I’ve been on hiatus so here’s me catching up on the movies I’ve seen.
### Dracula Untold
_Dracula Untold_ is almost, but not quite, good. It’s much better than I expected, mainly due to the performances of Luke Evans as the troubled price Vlad and Charles Dance as the ancient vampire who turns Vlad into a literal monster.
The plot is predictable and the effects are passable but mostly it’s just kinda boring. There are a few unintentionally funny scenes and it’s convenient that Prince Vlad’s homeland is permanently overcast so his almost never has to deal with his weakness from the sun, but Charles Dance goes all in on creepy/crazy and Luke Evans does everything he can with the material he’s given to work with.
It’s annoying really because Evans deserves a big break at this point but _Dracula Untold_ ain’t it.
### Kill The Messenger
_Kill The Messenger_ wants to be one of those big, important, topical movies. It is that, but the topic is kinda done now. It’s weird to think that the 90s were 20 years ago now, and I’m glad that the story is out there, but while the film is good it isn’t great. Renner is a fine actor and everyone around him is good and his character is persecuted for telling the truth and normally that’s a recipe for all kinds of award wins but, again, the movie is just ok. Glad I saw it, don’t feel a need to see it again.
### John Wick
A thug breaks into a house, beats up the owner, kills the owners dog (a posthumous gift from his wife), and steals the owners car. The thug is the son of a mob boss and normally the mob boss is fine with this kind of behaviour but this time he isn’t because the owner of the house, the dog, and the car is John Wick, the greatest hitman in the whole wide world.

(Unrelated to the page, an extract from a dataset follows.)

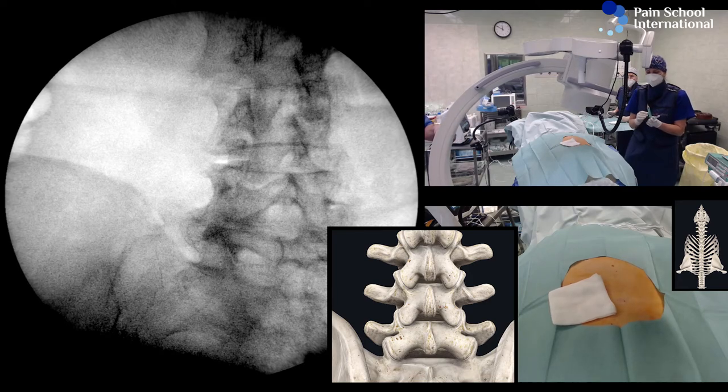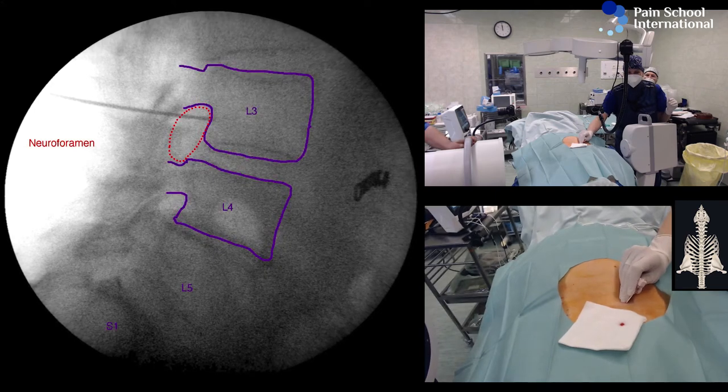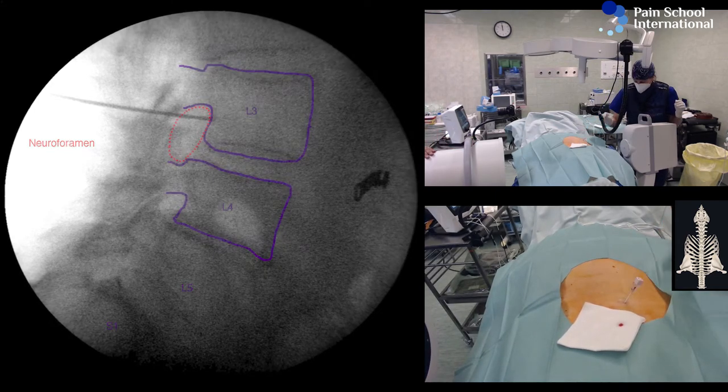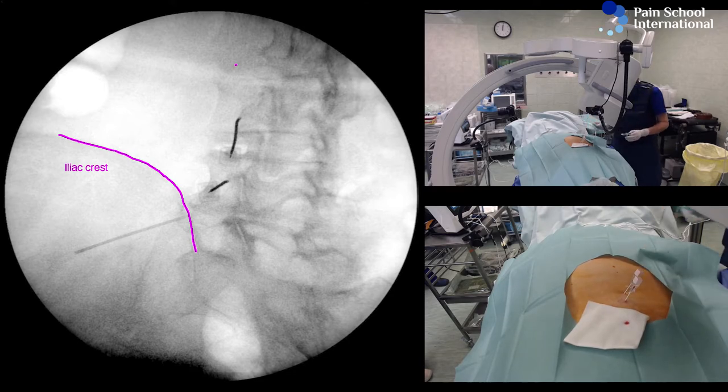Your eyes are on the L3 and L4 disc. That's as good as it can possibly get. If it was really important, we could turn the patient's bed as well.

That’s the set up for this movie. It’s simple but not stupid. Keanu Reeves gets to go into full on rage mode, and goes on a rampage of revenge.
There are a couple of things that make this movie great.
First, Keanu Reeves. He’s willing and able to pull off the fight and gunlay choreography required of him and he’s a good actor, both things this movie requires. Much of the fighting is done in long-ish takes (10 seconds or so) so you can really see that it’s really him doing the work.
Second, said action is executed with a high degree of precision. There are maybe 5 wasted gunshots and strikes in the film _total_. Every other bullet finds its target and most of those targets are heads, and most of the punching and kicking is just to move a target into a better position for a bullet to enter his head.
Third, it takes place in a slightly fantastic New York where the criminal underworld is all connected and all the assassins in the city have their own underground economy powered by gold coins. This sounds silly –and it is– but it’s also awesome because the movie doesn’t ever talk about it, it just shows it and trusts the audience to understand. There’s no audience insert character, no “do you remember how this works” monologue. The world building is subtle and discrete and perfectly effective.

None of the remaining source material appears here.